⟨
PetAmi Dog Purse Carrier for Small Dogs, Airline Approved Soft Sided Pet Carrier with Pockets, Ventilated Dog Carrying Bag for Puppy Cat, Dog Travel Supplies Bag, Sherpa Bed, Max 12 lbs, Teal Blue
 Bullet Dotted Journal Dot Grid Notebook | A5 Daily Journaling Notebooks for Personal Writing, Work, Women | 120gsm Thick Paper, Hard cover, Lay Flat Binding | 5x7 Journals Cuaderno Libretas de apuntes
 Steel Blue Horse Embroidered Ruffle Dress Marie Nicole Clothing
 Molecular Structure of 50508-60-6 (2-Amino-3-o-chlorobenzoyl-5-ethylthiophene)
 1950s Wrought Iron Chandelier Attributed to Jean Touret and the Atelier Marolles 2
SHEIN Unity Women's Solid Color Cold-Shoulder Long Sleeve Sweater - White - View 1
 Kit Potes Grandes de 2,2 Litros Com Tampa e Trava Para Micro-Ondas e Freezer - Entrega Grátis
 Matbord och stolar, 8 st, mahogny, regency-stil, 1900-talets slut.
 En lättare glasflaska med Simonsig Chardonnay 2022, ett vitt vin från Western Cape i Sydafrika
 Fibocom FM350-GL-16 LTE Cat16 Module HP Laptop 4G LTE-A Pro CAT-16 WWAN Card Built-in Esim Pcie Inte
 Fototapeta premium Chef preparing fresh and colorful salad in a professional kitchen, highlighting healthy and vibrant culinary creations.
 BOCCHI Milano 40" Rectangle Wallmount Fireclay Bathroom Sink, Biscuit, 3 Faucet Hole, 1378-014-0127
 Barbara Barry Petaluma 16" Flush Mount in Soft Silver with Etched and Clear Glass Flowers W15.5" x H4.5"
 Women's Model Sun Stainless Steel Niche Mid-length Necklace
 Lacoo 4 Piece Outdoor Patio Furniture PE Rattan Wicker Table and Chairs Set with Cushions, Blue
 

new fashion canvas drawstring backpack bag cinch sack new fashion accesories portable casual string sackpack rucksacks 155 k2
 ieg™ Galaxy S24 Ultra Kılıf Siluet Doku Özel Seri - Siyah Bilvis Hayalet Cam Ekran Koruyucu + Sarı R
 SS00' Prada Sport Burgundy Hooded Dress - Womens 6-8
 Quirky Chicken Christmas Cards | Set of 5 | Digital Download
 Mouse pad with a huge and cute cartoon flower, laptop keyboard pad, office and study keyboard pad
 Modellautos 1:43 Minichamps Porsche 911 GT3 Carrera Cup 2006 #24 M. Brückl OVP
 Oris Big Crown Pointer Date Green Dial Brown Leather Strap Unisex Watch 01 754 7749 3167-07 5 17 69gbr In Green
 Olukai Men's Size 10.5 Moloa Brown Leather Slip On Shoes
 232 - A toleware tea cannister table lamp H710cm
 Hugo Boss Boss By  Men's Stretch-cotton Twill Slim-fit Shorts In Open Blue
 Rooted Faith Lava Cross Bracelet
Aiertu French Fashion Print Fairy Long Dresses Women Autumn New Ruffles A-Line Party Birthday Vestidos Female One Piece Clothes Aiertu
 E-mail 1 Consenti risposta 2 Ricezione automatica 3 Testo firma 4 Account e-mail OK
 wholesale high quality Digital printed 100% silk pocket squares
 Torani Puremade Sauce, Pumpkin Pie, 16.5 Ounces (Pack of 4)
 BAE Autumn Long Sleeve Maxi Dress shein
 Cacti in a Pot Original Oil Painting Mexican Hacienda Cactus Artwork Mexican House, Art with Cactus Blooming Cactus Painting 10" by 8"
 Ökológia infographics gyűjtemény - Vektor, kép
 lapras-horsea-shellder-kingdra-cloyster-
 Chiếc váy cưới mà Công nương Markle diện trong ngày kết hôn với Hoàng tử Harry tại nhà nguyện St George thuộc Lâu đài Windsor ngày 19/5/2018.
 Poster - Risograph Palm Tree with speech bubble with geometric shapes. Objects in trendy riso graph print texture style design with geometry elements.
⟩
● WHAT THE TASK ASKS
Lines containing the word "Autumn": copy each of them from the material.

● EXPECTED ANSWER
Aiertu French Fashion Print Fairy Long Dresses Women Autumn New Ruffles A-Line Party Birthday Vestidos Female One Piece Clothes Aiertu
 BAE Autumn Long Sleeve Maxi Dress shein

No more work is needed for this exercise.